- Artist: Gerard David
- Year: c.1515
- Medium: oil paint, panel
- Movement: Early Netherlandish painting
- Dimensions: 81 cm (32 in) × 58 cm (23 in)
- Location: Royal Museum of Fine Arts Antwerp;
- Accession: 47

= Rest on the Flight into Egypt (David, Antwerp) =

Painting by Gerard David

The Rest on the Flight into Egypt is an oil painting by the Early Netherlandish painter Gerard David. It was painted around 1515 and is now in the Royal Museum of Fine Arts Antwerp. It can be compared with other works by David which depict the same subject, including paintings located in Madrid, Washington and New York and a Virgin and Child in Rotterdam.

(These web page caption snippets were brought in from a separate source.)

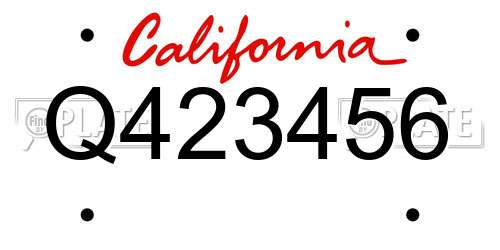 Q423456 California License Plate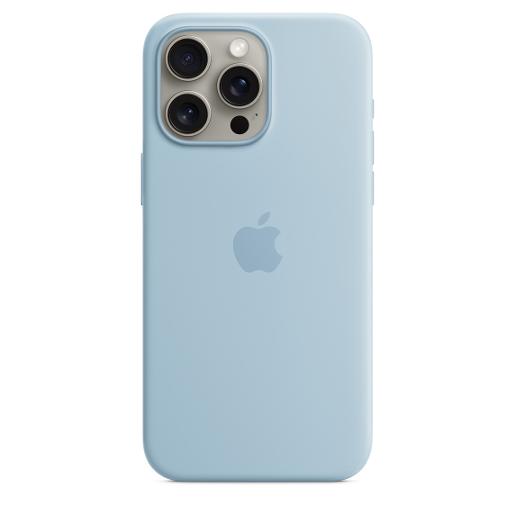 A /Apple iPhone 15 Pro Max Silicone Case  MagSafe  Light Blue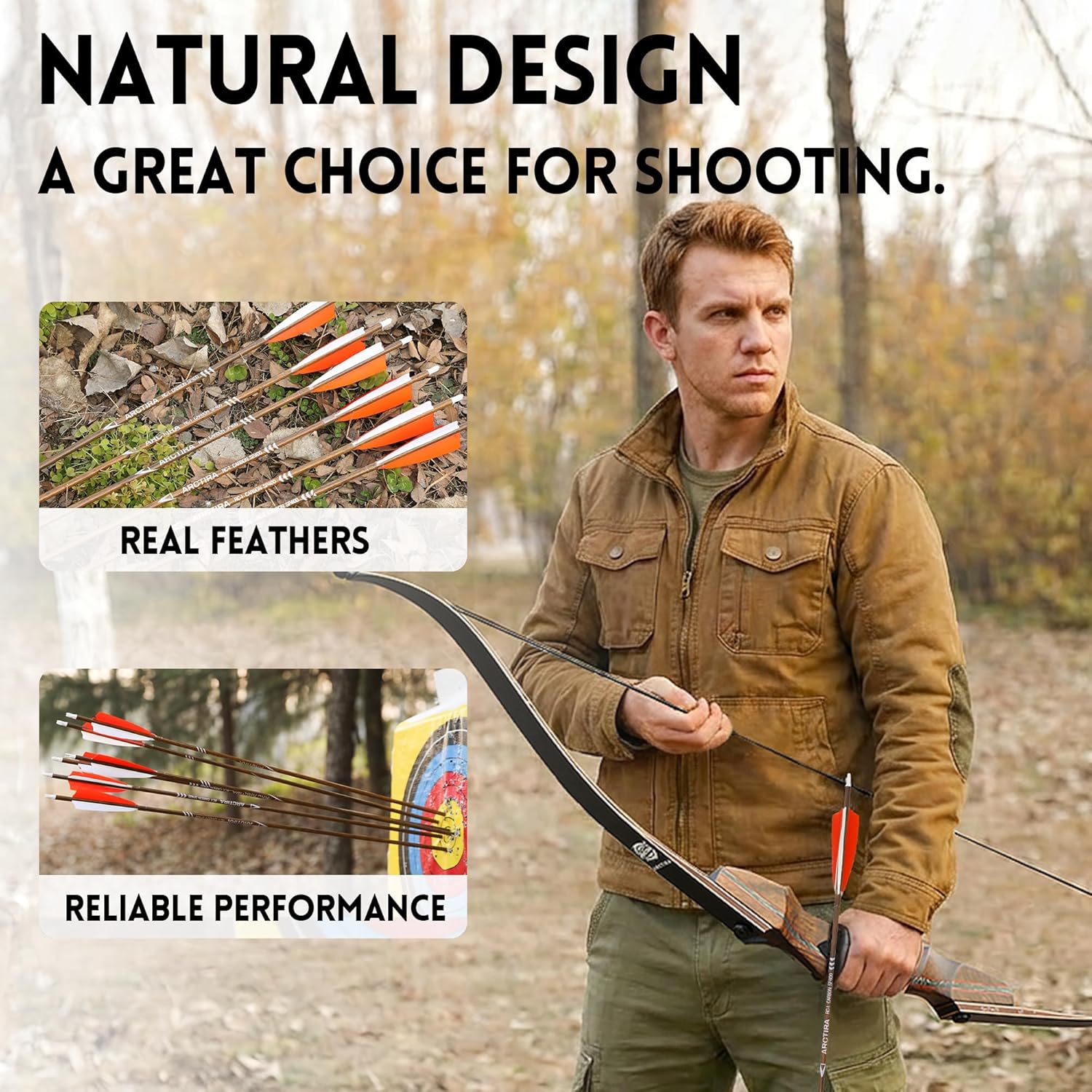 12Pcs Archery Traditional Carbon Arrows for Recurve Bow with Feather for Longbow Compound Bow Lightweight Hunting Arrows for Adults Target Practice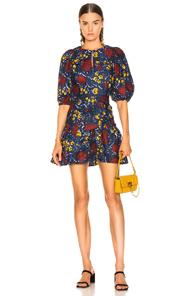 Sea Willow Ruffle Dress In Blue,floral,red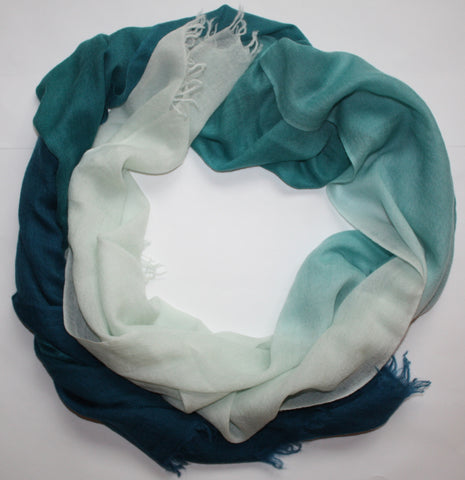 Black Ombré Hand Woven Cashmere Wool Scarf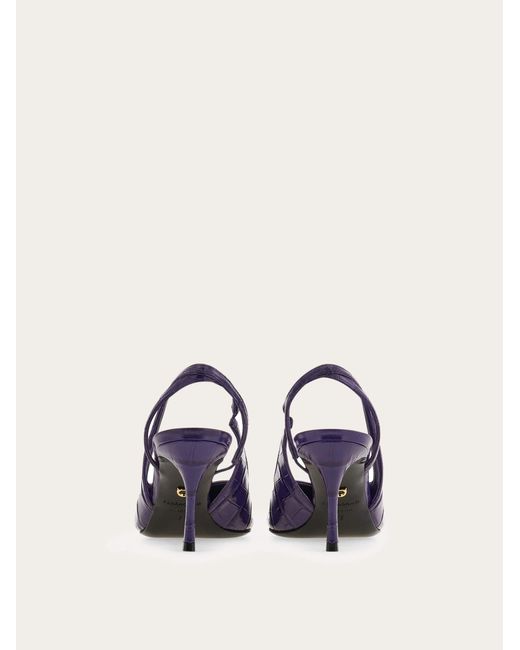 Ferragamo Purple Mid Heel Slingback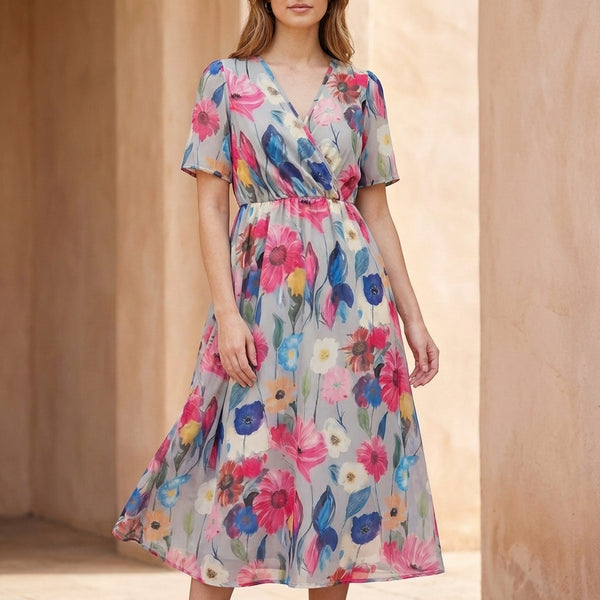 Surplice Cinched Waist A-Line Midi Dress for Women – Stylish Casual Comfort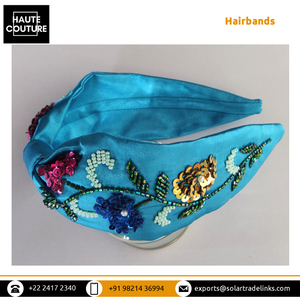 Vente exclusive sur les filles Party Wear Rose, Or et Bleu Fleur Glitzy Poly Satin Tissu Paillettes Fait Bandeaux Bandeaux - Product Image 4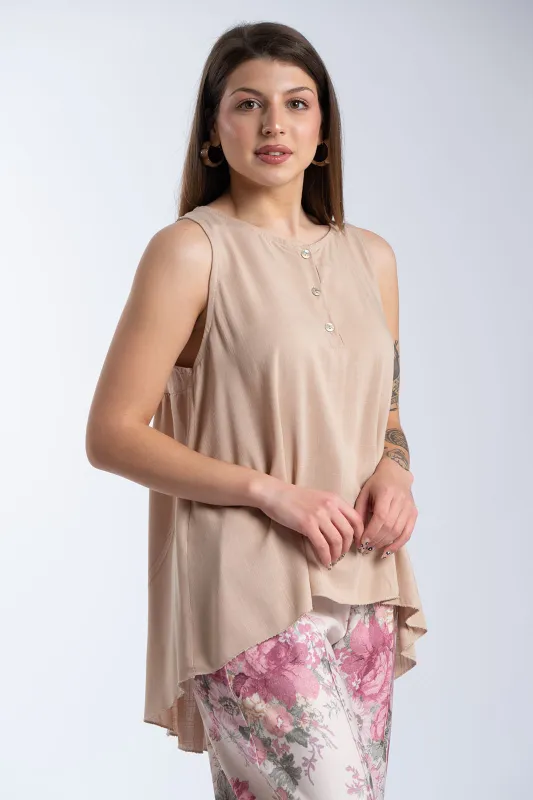 Blouse Sleeveless Asymmetrical With Buttons
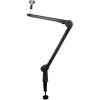 imageRockville ROGAN STAND Pro Boom Arm Mic Stand 38 Reach Aluminum Dual Mount Hidden 65ft XLR Cable Mic Clip Included Foldable Design for Podcasting and Streaming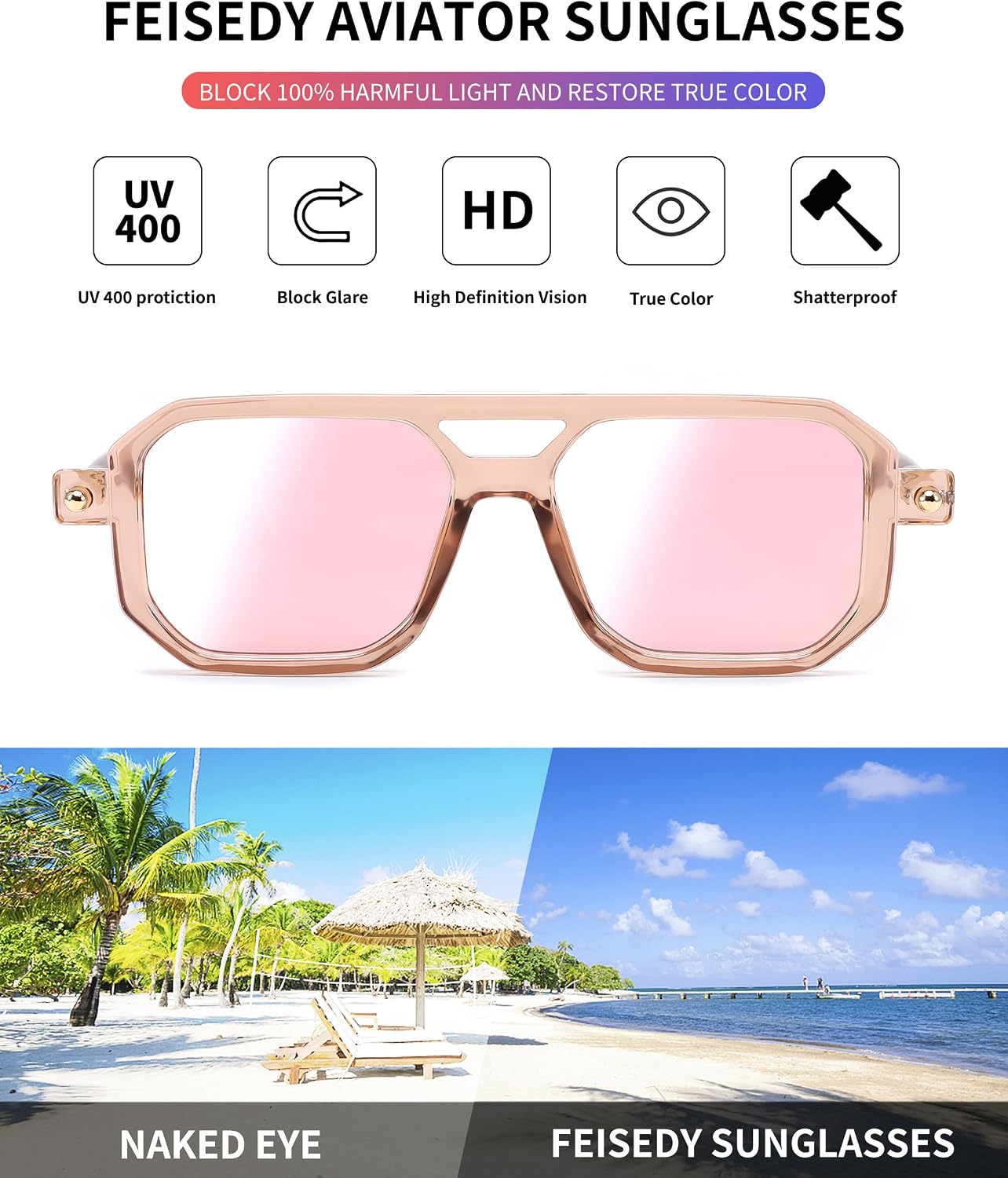 商品图片 67 | B09YTJ4FQZ | FEISEDY Vintage Square 70s Flat Aviator Sunglasses Women Men Classic Retro Stylish Frame UV400 Sunglasses B2622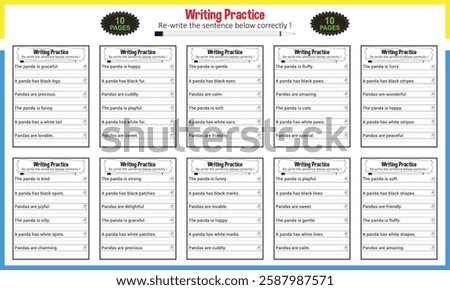 Simple writing sentence worksheets for children
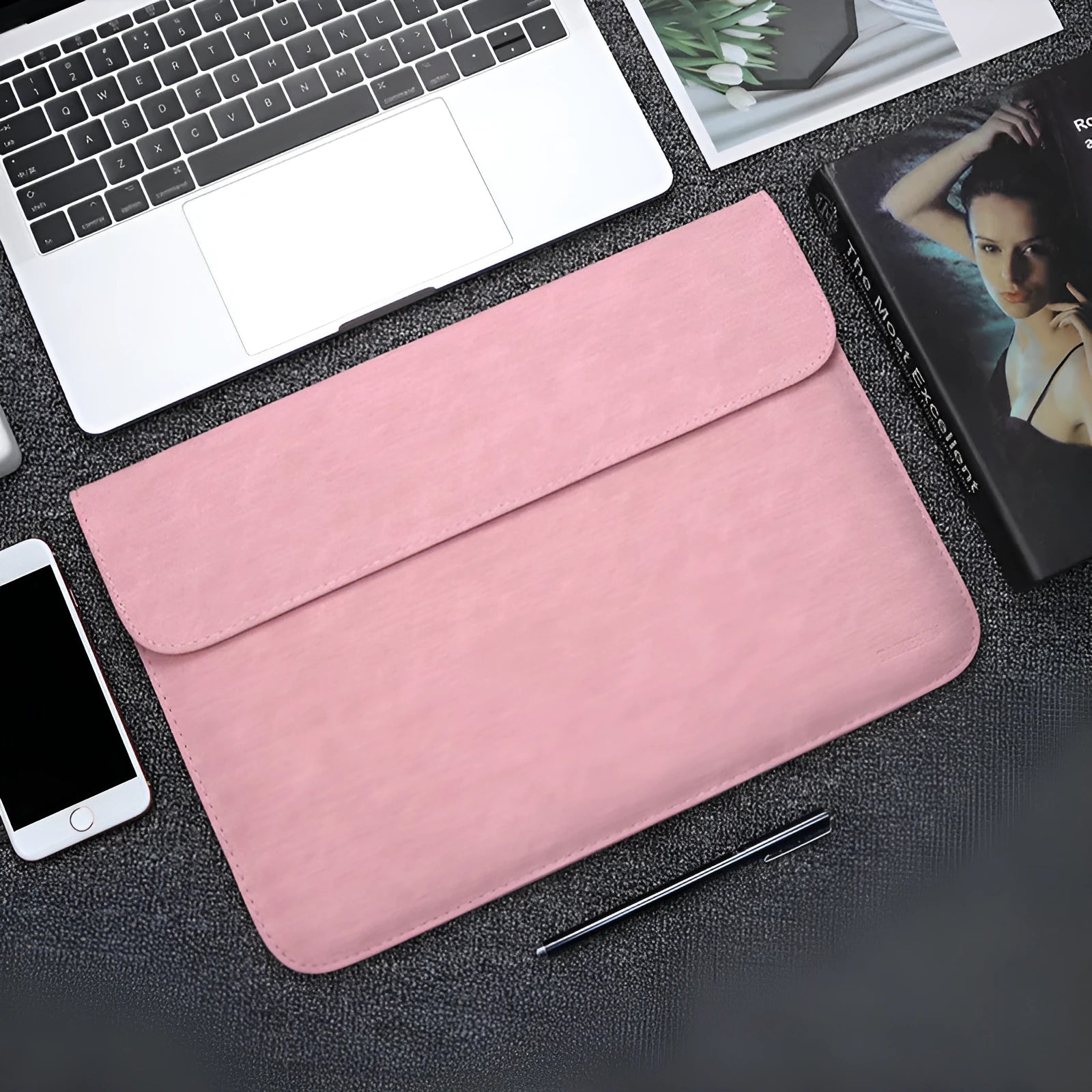 Black fleece flanged laptop liner pack suitable for 14 inch laptop dimensions 375x268mm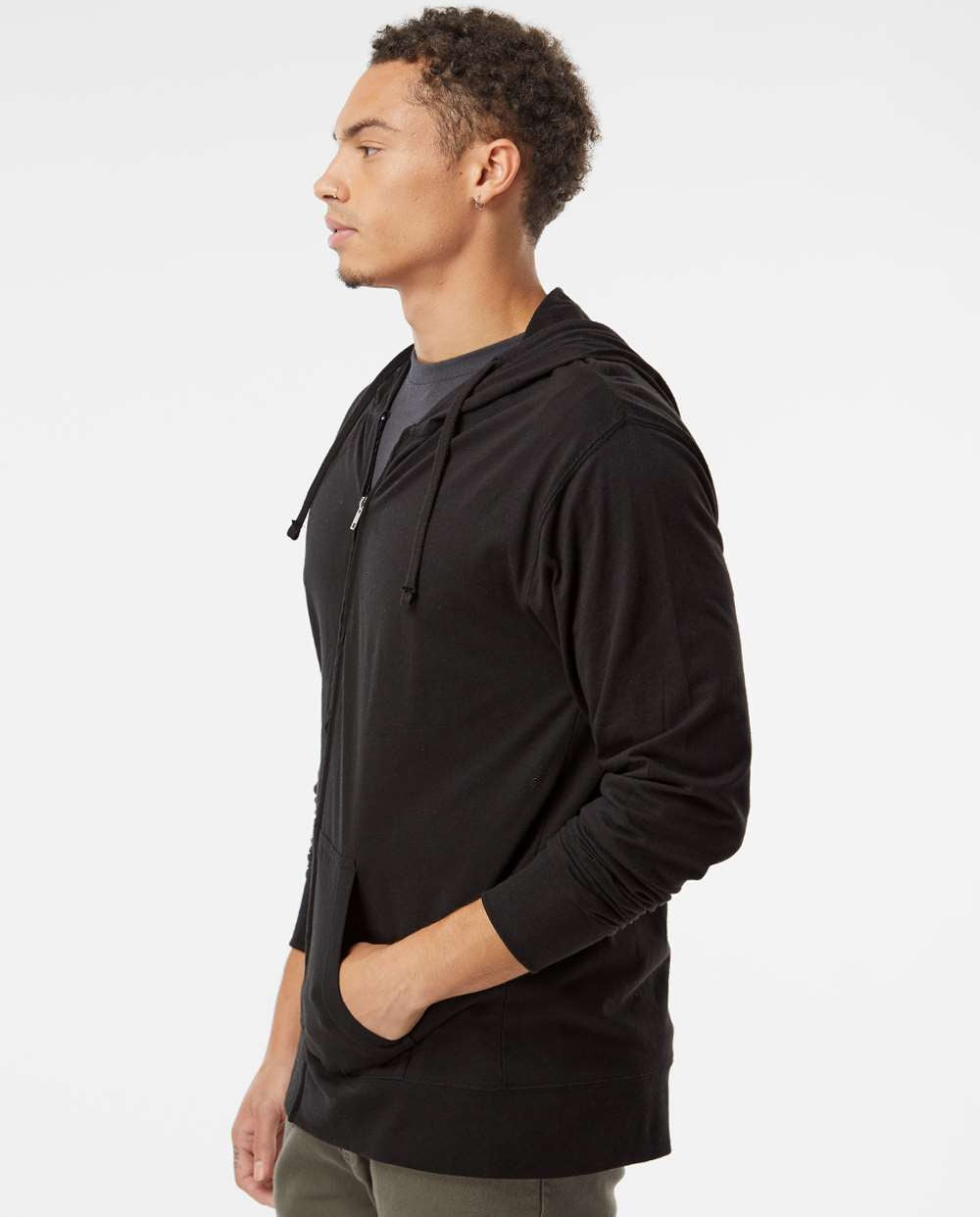 Independent Trading Co. Super Comfy Lightweight Full-Zip Hooded Jersey T-Shirt
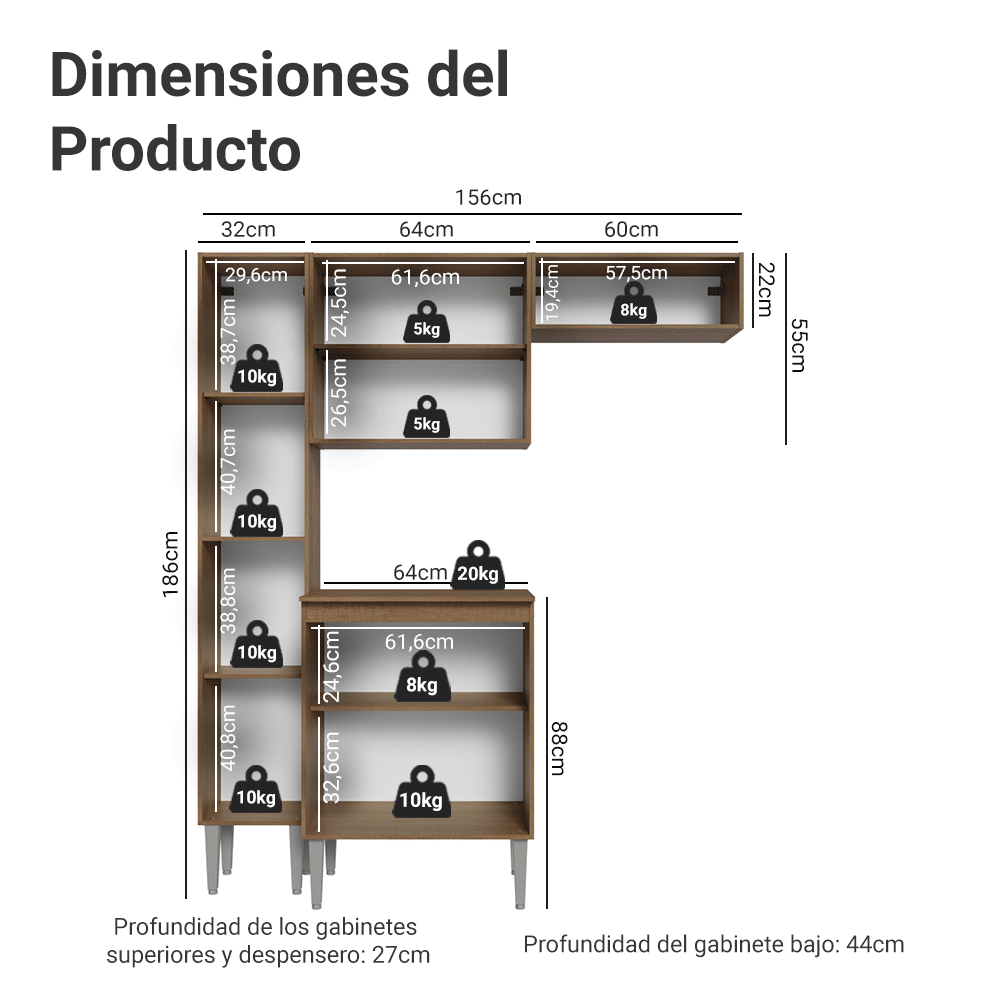 Cocina Compacta 156 cm Emilly Marrón/Negro 01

The Flight into Egypt derives from the Gospel of Matthew (II.13-18), though it does not mention a rest, which derives from apocryphal accounts. It was a popular theme for painters in many periods. David painted it on several occasions using different compositions, possibly not as the result of commissions but simply painted to put on the open market. Many of them are near-identical but for a few small details. However, in all of them David focuses attention on the seated Virgin Mary breastfeeding the Christ Child, enthroned in front of a deep forest landscape background. In the far background there is usually a scene related to either the rest or the journey to Egypt.

The Antwerp version replaces the Prado version's background scene of the Flight into Egypt with a scene of Joseph and the donkey resting. It is held by some to be a copy by Adrian Isenbrandt.